If you code is working, you should observe second order accuracy. For example, with the test problem suggested above, it might be reasonable to use

• nxlist = [10, 20, 40, 80]
• nylist = [5, 10, 20, 40]

and you should then obtain a plot like this:

If you only observer first order accuracy (if the error is proportional to dx rather than to dx**2) then there is a bug in your code.

## Part B¶

Modify your code to use OpenMP to compute the double sum, using “fine grain” parallelism. Replace the outer loop by a parallel do loop. You will also have to add a reduction to compute the final integral.

The main program should read the number of threads to use from a file nthreads.txt that contains a single integer. This value can be stored in a module variable nthreads of the quadrature_mod so that it is available in the trapezoidal subroutine.

The signature of the trapezoidal subroutine should be the same as in Part A.

Have the code print out which values of i each thread is handling. The code should work for any number of threads, and should also run if compiled without the -fopenmp flag.

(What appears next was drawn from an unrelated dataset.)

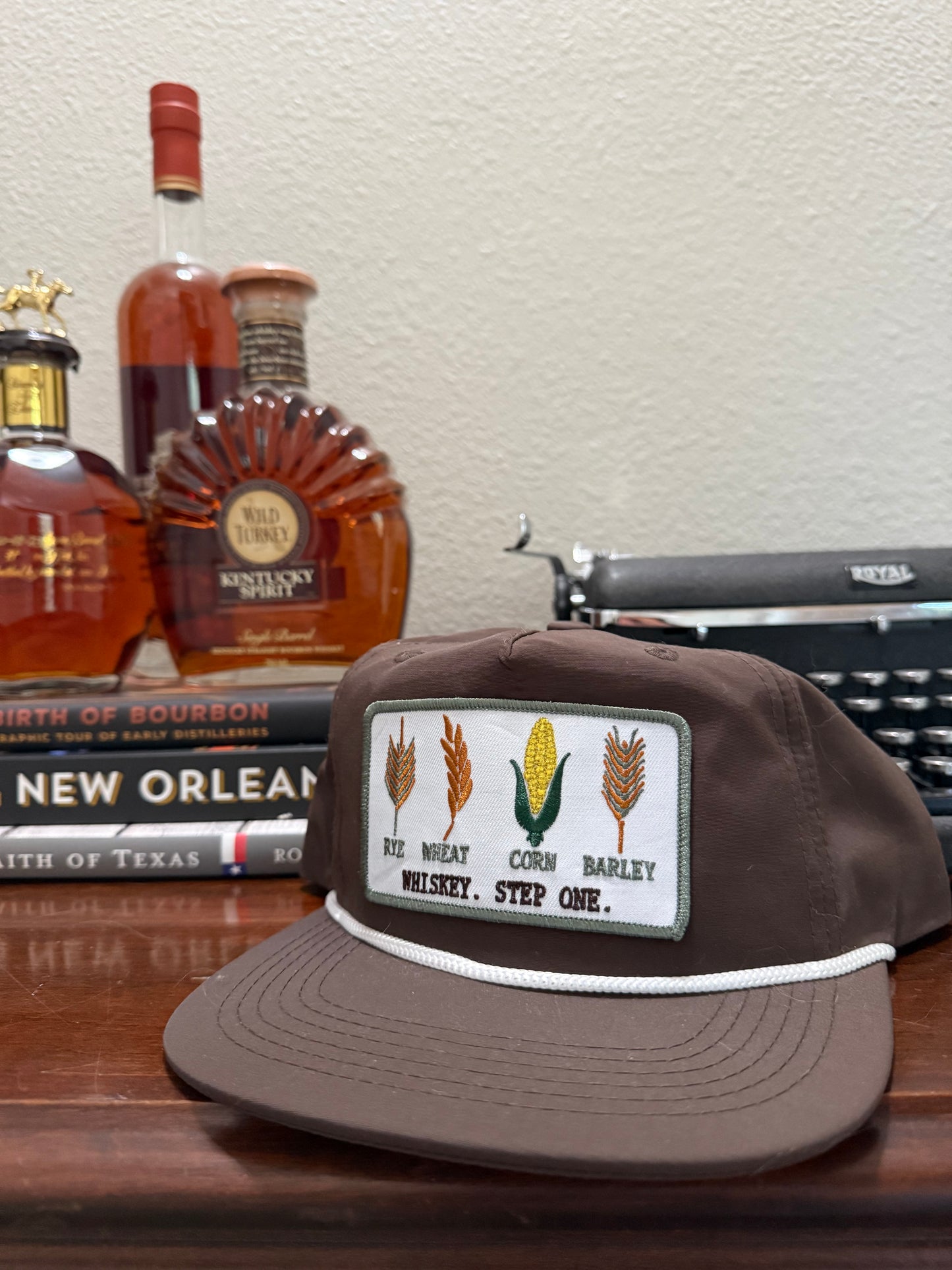 Whiskey Business - Brown Rope Cap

Have the main program print out at the end how many function evaluations were done by each thread. Remember that the function evaluation counter will now have to be an array. Also print out the total number of function evaluations.

Confirm that you get the same results with this version of the code.

## Part C¶

Modify your code from Part A to use MPI. Split up the values of i between processes and have each process compute part of the integral.

Note that the processes do not have to exchange the data as was necessary for the Jacobi iteration, so this should be easier to do than Homework 6. You will need to do a reduction to compute the final integral.

Have the trapezoidal subroutine print out which values of i each process is handling. The code should work for two or more processes.

Have the main program print out at the end how many function evaluations were done by each process. Also print out the total number of function evaluations. Note that this will require another reduction.

The signature of the trapezoidal subroutine should be the same as in Part A.

Confirm that you get the same results with this version of the code.

### What to turn in¶

The directories project/parta, project/partb, and project/partc should each contain:

• Fortran codes
• A Makefile that works for the fortran codes, that allows you to type make run to run the code.

The directory project/parta should also contain a file quadtest.py. You don’t need to include this file in the other directories, although the other versions should use input and output files in the same way so that this same module could be used to plot results from any of the versions.

When you are done, don’t forget to use the hg add, hg commit, and hg push commands to push these to your bitbucket repository for grading.